Everything, she thought. You cannot build domestic happiness in Toulouse on butterfly wings, even if you set them in cement. How egoism blinded people! If this concerned some other man, Clerfayt would understand exactly how I felt; in his own case, he’s blind. “I am sick, after all, Clerfayt,” she said at last, hesitantly.
“That’s one more reason not to be alone.”
She did not answer. Boris, she thought. Boris would understand me. Clerfayt is now talking like him; but he is not Boris.
“Shall we get Giuseppe now?” she asked.
“I can get him. Will you wait here?”
“Yes.”
“When do you want to go to the Riviera? Soon?”
“Soon.”
Clerfayt stood still behind her. “I own a wretched little place on the Riviera.”
In the mirror, she saw his face and his hands on her shoulders. “You really are developing unexpected qualities.”
“We could fix it up and make it nicer,” Clerfayt said.
“Can’t you sell it?”
“Take a look at it first.”
“All right,” she said, suddenly impatient. “When you get to the hotel, send my trunks over.”
“I’ll bring them with me.”
He left. She remained at her dressing table, looking into the fading dusk. Anglers were sitting on their heels along the river’s edge. A few clochards were preparing their supper by the wall of the quay. What strange paths what is called love can take, she thought. Had not Levalli said that behind every
young bacchante there lurked the housewife, and behind the reckless conqueror the sober bourgeois with his instinct for possession? Not for me, she thought; but what had happened to Clerfayt? Had she not loved him because he reached out for life as if every moment were going to be his last? Toulouse! She began to laugh. She had never wanted to speak of her illness because she had thought that the sick must always be somewhat repulsive to the healthy. Now it seemed to her that the reverse could also be true: the healthy could sometimes seem almost vulgar to the sick, like a nouveau riche to an impoverished aristocrat. It seemed to her that Clerfayt had abandoned her in a strange fashion today and had shifted over to the big, bustling majority, to the side that was unattainable to her. He was no longer one of the lost; he suddenly had a future. To her surprise, she became aware that she was crying, gently and noiselessly; but she was not unhappy. It was only that she wished she could have held on to everything a little longer.

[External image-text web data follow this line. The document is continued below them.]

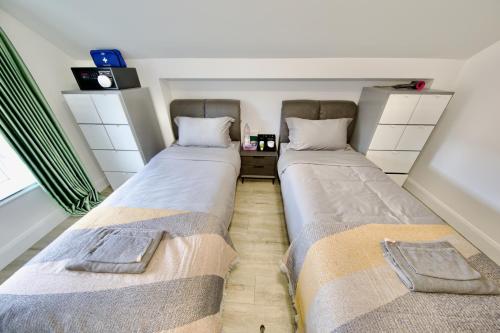 two beds sitting next to each other in a room at Mary St House 3B in Dublin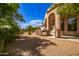 Outdoor kitchen and patio area with seating, statues, and shade trees at 26807 N 56Th St, Scottsdale, AZ 85266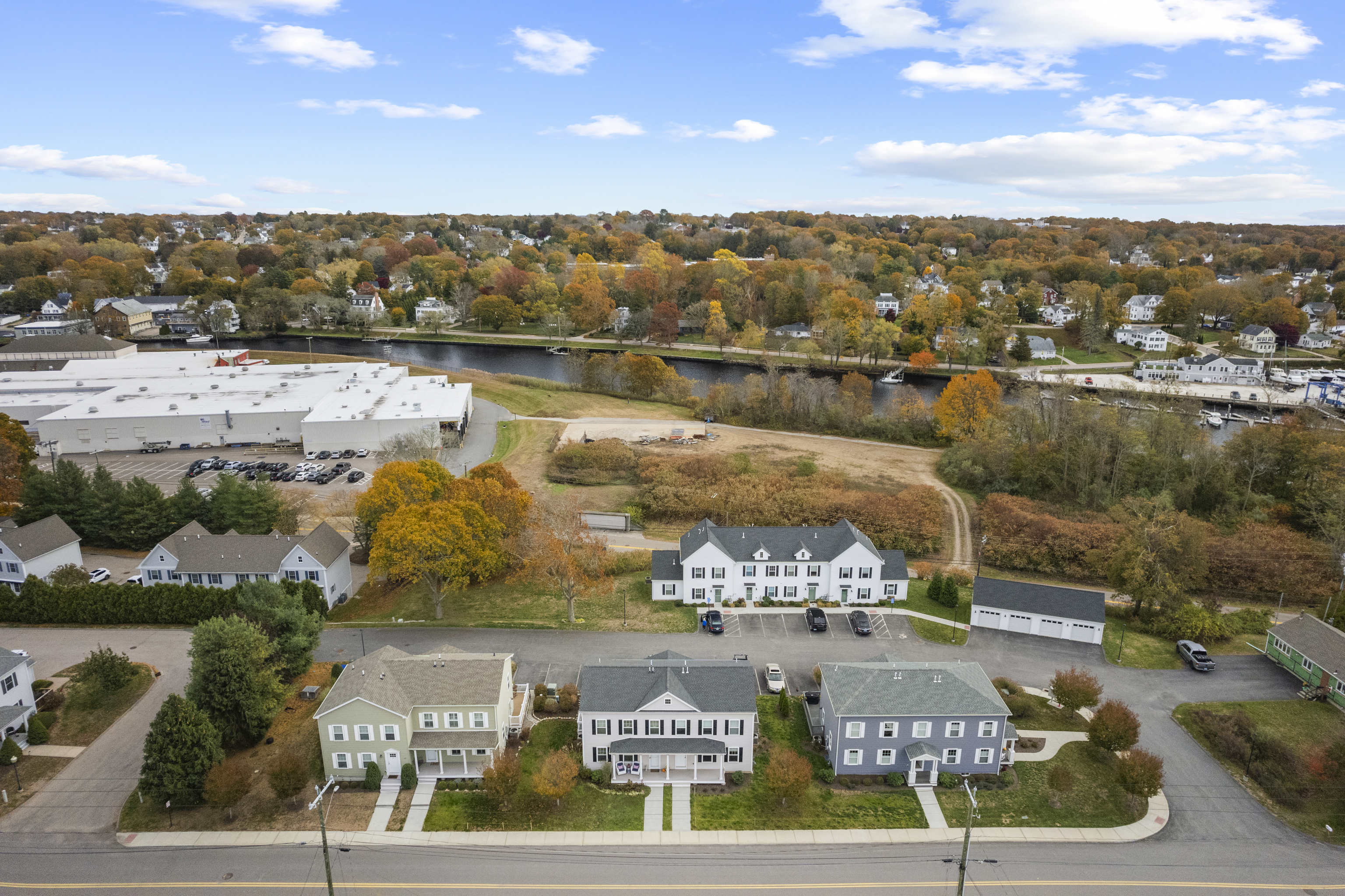 52 Prospect Street, Unit B Stonington, CT 06379 - Photo 1 of 1 a view of a lake with a mountain
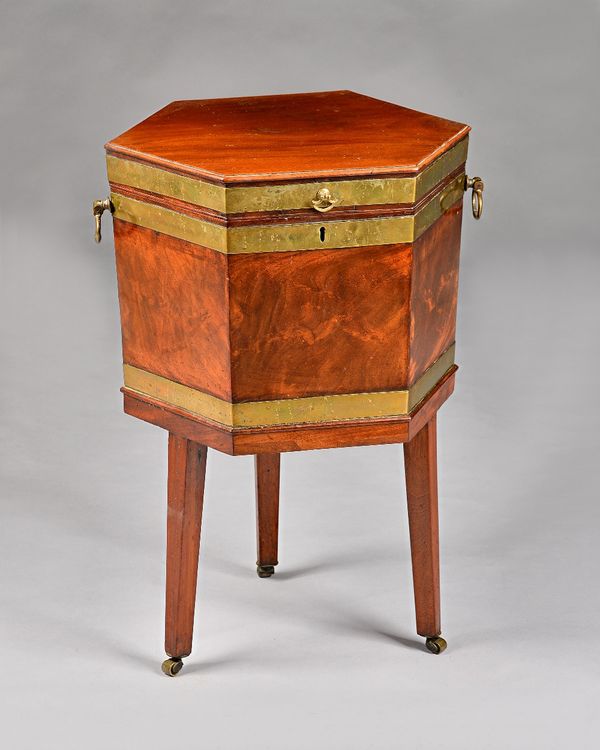 A George III brass bound mahogany hexagonal wine cooler with hinged lid on three tapering square supports, 50cm wide x 69cm high.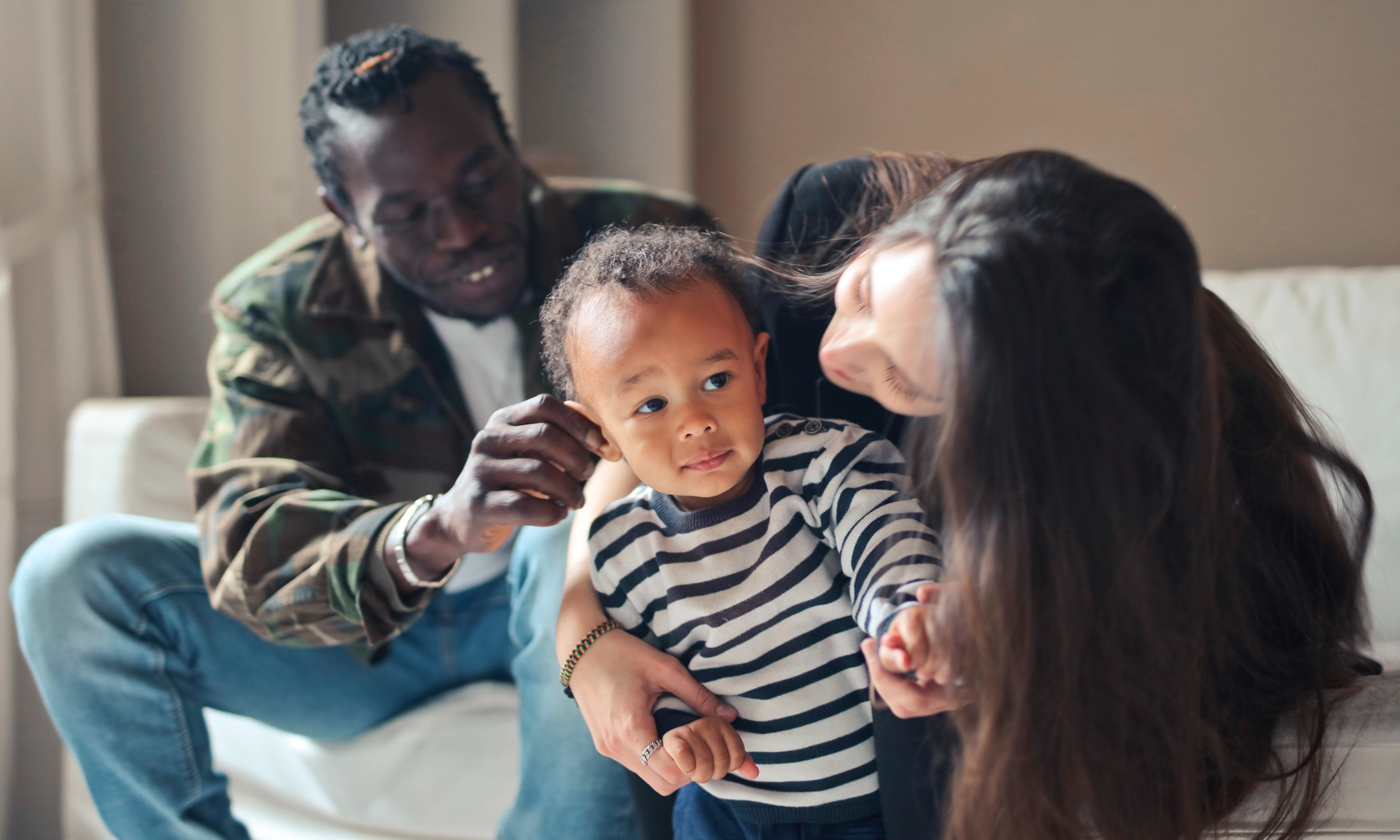 Multi-racial couple with their young child sitting on a couch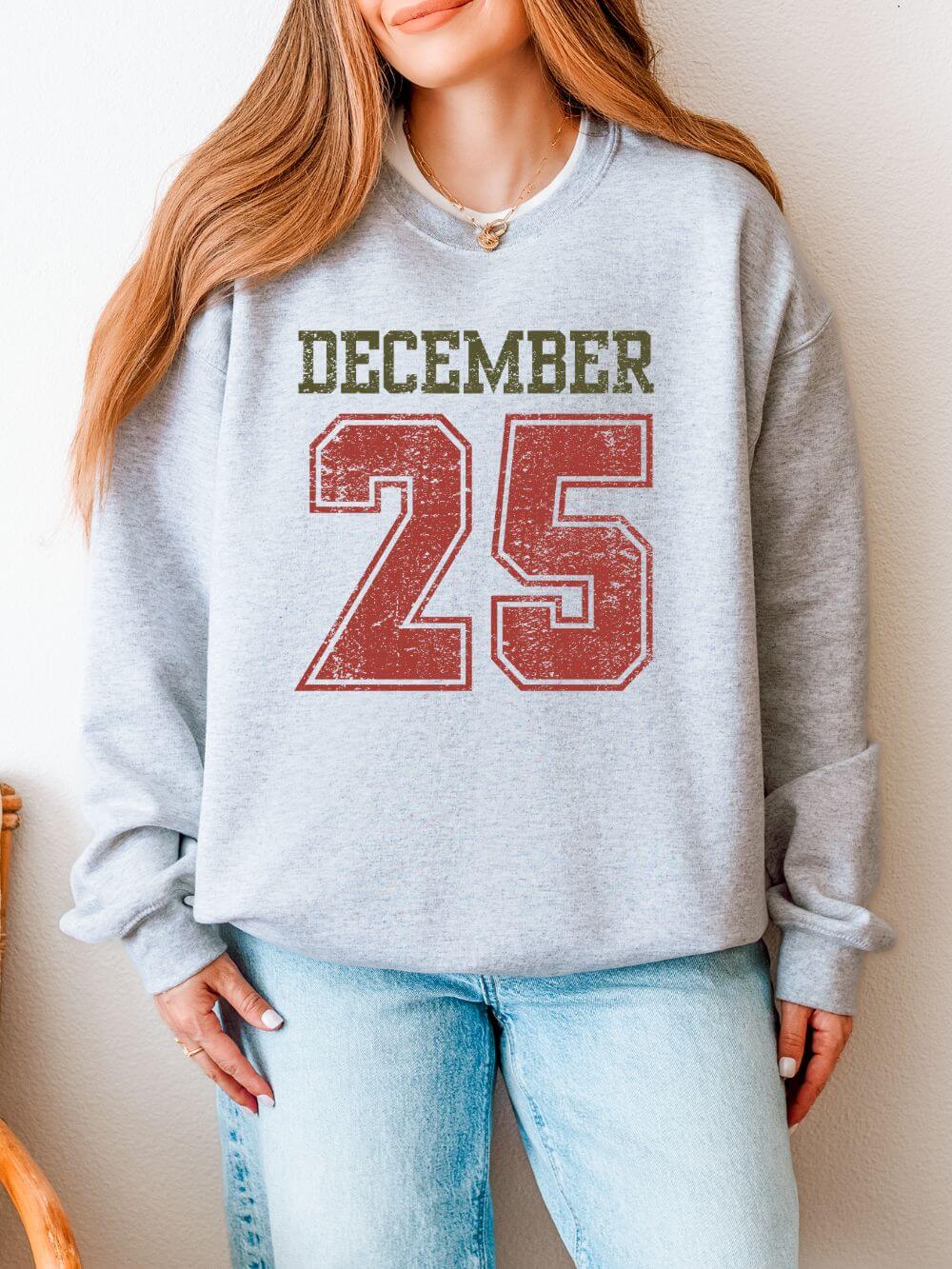 December_25_Ash December 25 Vintage Distressed Heavy Blend Unisex Crewneck Cozy Christmas Sweatshirt - Image 1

Clerfayt came with the trunks. “How did you manage so long without your things?”
“I ordered new ones. That’s always possible to do with clothes.”
It was not true; she had only decided at this moment to pay another visit to Balenciaga tomorrow. There was a double reason to do so, she thought; she had to celebrate having escaped with her life in Venice, and she had to be extravagant as a protest against Clerfayt’s offer to marry her and live in Toulouse.
“Can’t I give you a few dresses?” Clerfayt asked. “I’m fairly rich at the moment.”
“For my wedding trousseau?”
“On the contrary. Because you went to Venice.”
“Good, give me one. Where are we going tonight? Is it possible to sit in the Bois yet?”
“If we take coats. Otherwise it’s still too cool. But we can drive through. The woods are bright green and enchanted with springtime and blue exhaust fumes. The side roads are practically solid with parked cars every night. Love is hanging its banners out of the windows everywhere.”
Lillian snatched up a dress of black filmy material with a ruche of Mexican red, and waved it out the window. “To love,” she said. “Divine and earthly, small and great! When are you leaving again?”